Cox’s Sulman Medal-winning Exhibition Centre was demolished in the redevelopment – just as his Sydney Football Stadium is scheduled to be soon – but his criticism is wider.
“It’s gone backwards,” he says. “Darling Harbour following the Bicentenary in ’88 was a unique and world relevant urban space that had been developed which was very much Sydney and had a uniqueness about it and a freshness and a great contribution to the city. I can’t say the present Darling Harbour does.”
A lively history
The area has had a lively history.
The boundary between the Wangal and Gadigal clans for 7000 years became a place where convicts and settlers collected shellfish then a site for shipyards and industry.
Its area was a railway goods yard with an old iceworks and a former hydraulic pumping station for the city’s lifts when the Wran government announced it would be redeveloped at a cost of more than $1 billion in 1984.
The huge project included Sea Life Sydney Aquarium, the Australian National Maritime Museum, the old Convention and Exhibition centre, the Chinese Garden of Friendship, an “international village” of restaurants and shops, a motel, an international hotel and the conversion of Pyrmont Bridge into a pedestrian and cycle path with supposedly a restaurant in the middle – all linked by a monorail.
What was flagged as a major rival to the Sydney Opera House and Harbour Bridge as a landmark international tourist attraction lasted less than 30 years.
Some things have stayed, including the much-loved spiral fountain, the Novotel hotel, Pumphouse bar and the Chinese Garden, recently heritage listed, with plans to extend the forecourt for markets and festivals.
The old Sega World site had already been redeveloped as Darling Quarter seven years ago – a $500 million project that included two nine-storey office buildings with shops, cafes, a theatre and one of the city’s best playgrounds.
But look at all the other changes …
The new International Convention Centre, Exhibition Centre and ICC Theatre have been open for two years. These three vast glass-walled buildings have 3.5 hectares of exhibition space, a rooftop event deck, theatres with 8000, 2500 and 1000 seats and a ballroom that can fit more than 2000 people.

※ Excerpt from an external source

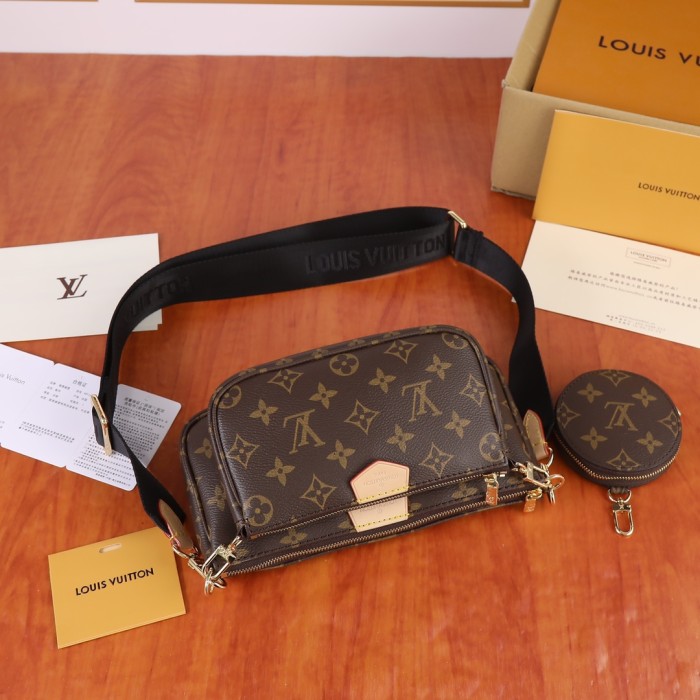 Louis Vuitton MULTI POCHETTE ACCESSOIRES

Tumbalong Park has been given new walkways and an improved stage so it can host a year-round program of events for up to 11,000 people.
The 590-room Sofitel hotel, a 35-storey building on the site of an old taxi rank, has been open for just over a year.
Catering for the fast-growing market for international student accommodation, two Urbanest buildings house up to 1300 students.
And under construction on the IMAX theatre site is the 20-storey Ribbon building for a new W hotel and IMAX theatre.
But the biggest change is on the site of the old Entertainment Centre and the car park next door. A new neighbourhood called Darling Square with 1500 apartments is being built opposite new offices already occupied, like so much around Darling Harbour, by the Commonwealth Bank.
In three apartment buildings – the tallest 41 storeys – there are expected to be 4200 residents who will join 2500 office workers and 80-odd shops and restaurants. When you add students and hotel visitors, Darling Harbour will soon have the population of a small town every night.
The rise of the ‘urban neighbourhood’
Lendlease project director for urban regeneration Neil Arckless says they are aiming to create an “urban neighbourhood” with a new square as its heart. One with “an essence of permanence but the flexibility to adapt to how the world” is changing,” he says.
The town square will have a grove of trees and tables for board games.
Taking shape next door is the celebrated Japanese architect Kengo Kuma’s The Exchange, a striking round building with a swirling wooden facade that will have a street-level food market, Sydney City Council’s new library, a childcare centre, restaurants and rooftop bar.
“What I’m particularly excited about is this building will be coming to life at different times of the day for different reasons,” Arckless says. The market hall will open in the morning, children will be dropped off and picked up during the day, the library will attract patrons from noon into the evening and the restaurants and bars will carry on into the night.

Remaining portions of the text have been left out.